In Tennessee I always took water for granted. Same when I was in Alaska.
There was always water - streams, ponds, rivers, waterfalls, regular rainfall.
Nobody takes water for granted in Wyoming.
People fight regularly over water rights on properties.
What percentage of what well is written into property deeds and still they fight.
Irrigation canals weave their way through the entire region, providing moisture for crops.
Everywhere we travel we find green on one side of the road and only brown on the other side of the road. A sure sign of who irrigates for crops and who uses sprinklers for lawns, and who does not.
There are homes (particularly homes for rent) that contain undrinkable water.
There are isolated homes in which residents truck water to their homes because it is the only way for them to access potable water.
Not once in either Tennessee or Alaska did I ever scan the terrain, see something green and identify that area as one containing water. Here we do.
After traveling through large swaths of beige and dry and barren and mountainous BLM land in the Southfork we turned off the highway and were suddenly transported into an entirely different world.
As I said before, if you have enough money (or are lucky enough to have inherited property when such land was not beyond the means of so many people) you have access to water, trees, green, mountains, unspeakable beauty.
As we drove deeper into the canyon large ranches began to appear, hidden in the mountains and far from town.
Adjoining the south fork of the Shoshone River these properties contain beautiful trees, lush grasses, offshoot ponds and streams. All the things that we took for granted in both Tennessee and Alaska.
We pulled into the driveway of the ranch that our neighbor was watching over for a few days while the full-time live-in caretakers were away.
Both LC and I had been to this place once before last summer.
Was it only last summer?
It seems like forever ago but it was only last summer.
I climbed out of the truck, eager to wander many acres of quiet paths and woods that were surrounded by high mountains and box canyons.
It was an incredibly beautiful place and I was pleased to be there.
I promised my neighbor that I would not post pictures of the owners home or the caretakers home or the cabins on the property out of respect for their privacy.
My Mountain Boy and I walked through the caretakers house for the first time on this day and it was beautiful and everything you would imagine of a home owned by the rich.

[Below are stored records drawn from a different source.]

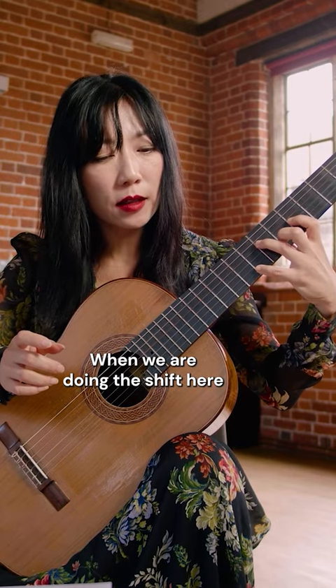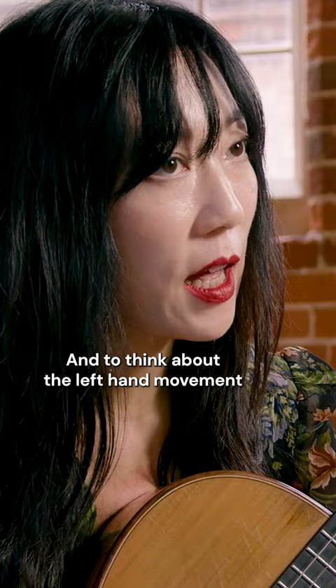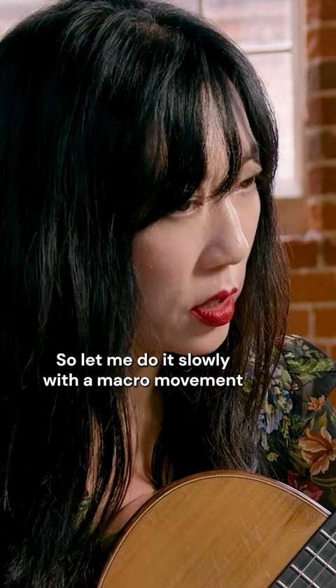When we are doing the shifting with lots of notes each bar, you don't have to put down every finger at the same time. Think about the left hand movement like a spider movement. Let me do it slowly with a macro movement. You could put down the melody note first and then the other two follow.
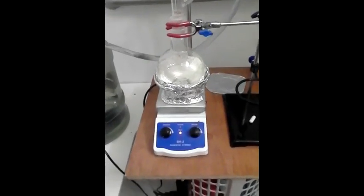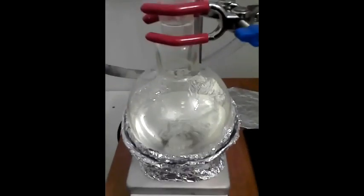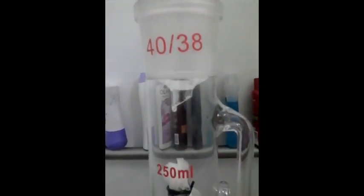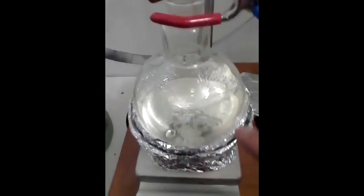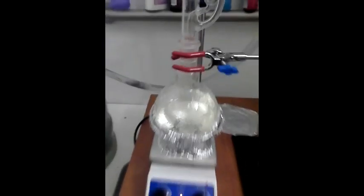Hey everybody, what's going on? This is a quick update on what's happening. As you can see, it's come to a good boil, and it's sitting right there right now. It's a light, pretty green. And as it slowly drips back down into there, this will fill up, go up to about here, then drain back down into there. I'll keep you updated and keep you posted.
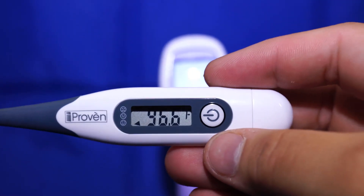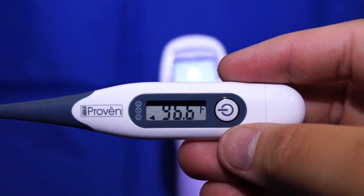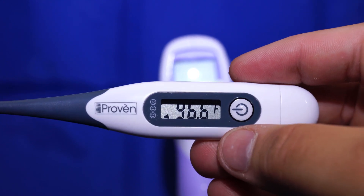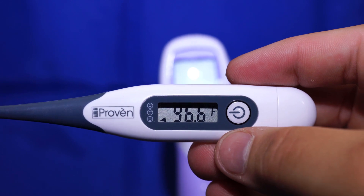Next, we want to compare that to our known temperature reading, which is 96.6, and find the difference between the two. Our difference right now is going to be one degree Fahrenheit.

A very large and very fancy log home, rustic furniture made of wood, huge stone fireplaces, decorations made of wood and animal furs and animal antlers, big and fancy cowboy pictures, historical photographs, antiques. It was huge and beautiful and if this was the caretakers home I could only imagine what the owners home (which is occupied for only a couple of weeks each year) must look like.
Pictures of the fast moving and beautiful stream in back of the house....................

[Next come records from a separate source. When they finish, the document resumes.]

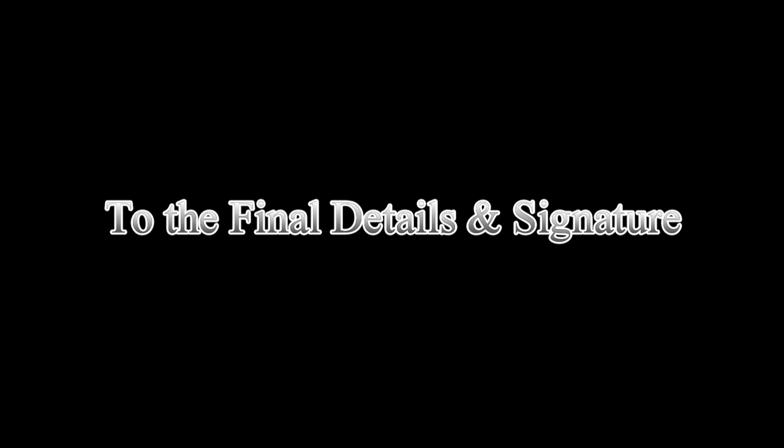And I think I'm happy enough just to put a signature on it and call this one finished. I'll see you next time.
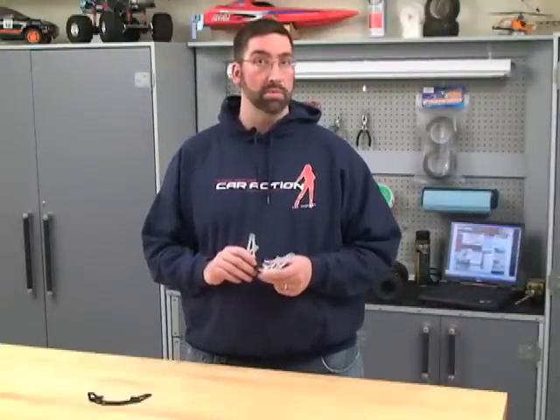Hi, welcome to RCNet. I'm Matt Higgins. Today I'm going to show you a cool new product from Intergy. It's for the Axial AX10 Scorpion Rock Crawler. What we have here is a replacement chassis plate.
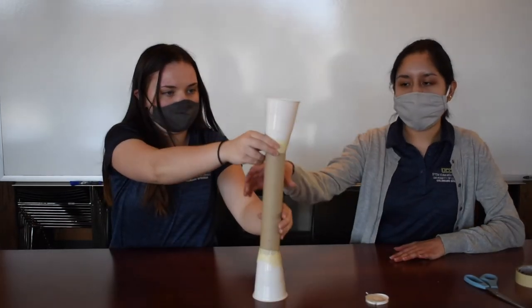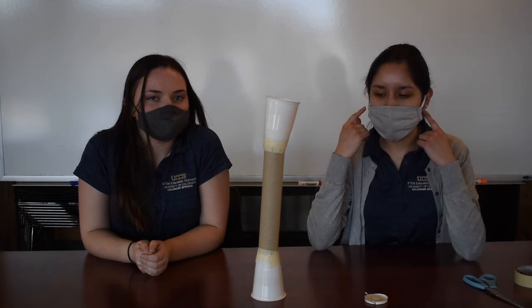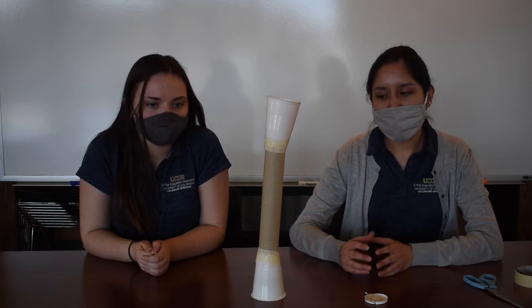This is similar to the stethoscopes that doctors use, except they have fancier ones that you can put up to your ear. Doctors can actually use stethoscopes to listen for problems with your heart and problems with your lungs. They could listen to see if you have any problems breathing or any problems with your heart beating. So the stethoscope ends up being a very useful tool in medicine.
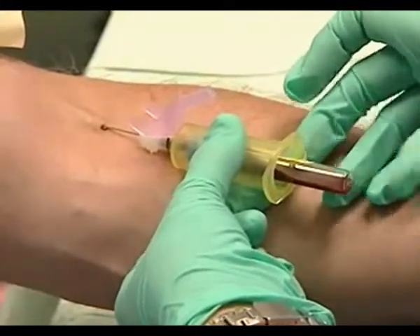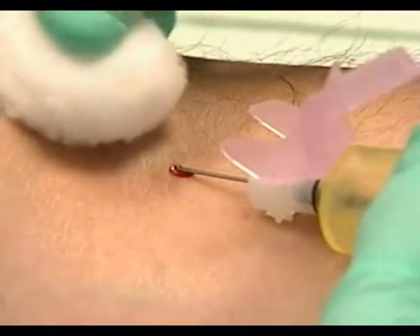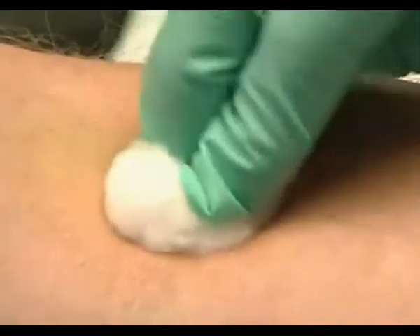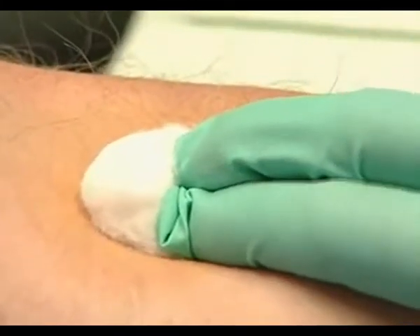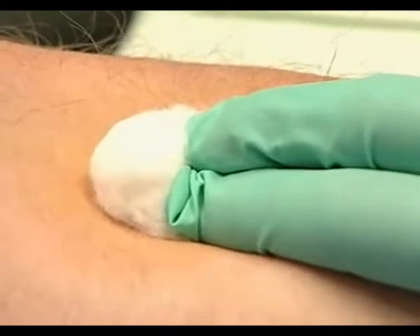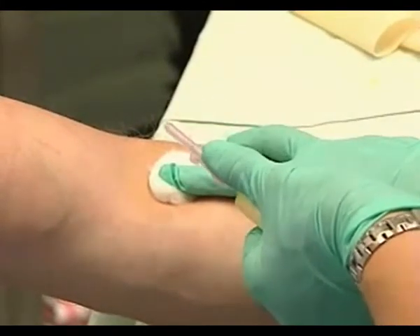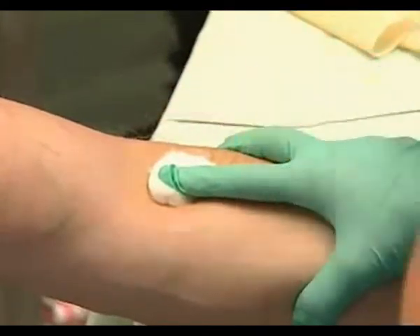As we finish, one pull of the tourniquet. Place the cotton ball above the puncture site, not directly on the needle. Withdraw the needle straight back and roll the cotton gently over the puncture, applying steady pressure. Having the patient bend at the elbow to hold the cotton in place can create unnecessary bruising. Flip the needle guard back into place, protect the puncture, and the sharp goes right into the container.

And a scene from their front yard.
So incredibly beautiful.
The mountains are filled with big horn sheep, grizzly and black bears, elk, mule deer and white tail deer.
There are no stores or other forms of civilization from here all the way to Cody (which is 45 minutes or more away). Only nature and quiet and outstandingly lovely..................
Before going for a walk on the property our neighbor, LC and I took a short drive around the area, all of us completely in exploration mode.
We saw trail heads on a regular basis (including seeing a few hunters loading down their pack horses before heading directly into the mountains) and a few ranches for sale.
One beautiful ranch that included a couple of hundred acres is on the market for $7.75 million.
The ranch we were visiting is on the market for over six million. It was for sale when we visited last year as well, so perhaps even the very rich are not in a buying mood these days..................
Last year we spoke with a few ranch hands who worked in this same area.
They all carry firearms and bear spray whenever they head outside during the summer, and very regularly see grizzly bears.
With three guns I think my Mountain Boy was not taking any chances.
I like this picture very much. Quintessential LC......................
We had left Jamie in our truck during our short drive, and after we got back to the ranch I grabbed my eager mutt and we all crossed over the stream, walked through a gate and headed to the back of the property...................
I remembered from our visit last year that there multiple trails that meandered and weaved their way throughout the property.
On this particular day (and with our elderly neighbor in tow), I was not certain just how far we would get.
Regardless I was content to wander through beautiful, and I was content to enjoy either a short time or a long time out on trails. I was content to just take the walk and the day as it came.
All three of us were carrying firearms as we headed out..........................
Close to the river (and almost completely hidden in the tall grass) were a number of old, abandoned farm implements.
Rusty remnants of an old tractor, which over time has now turned into a wonderful piece of static art work.................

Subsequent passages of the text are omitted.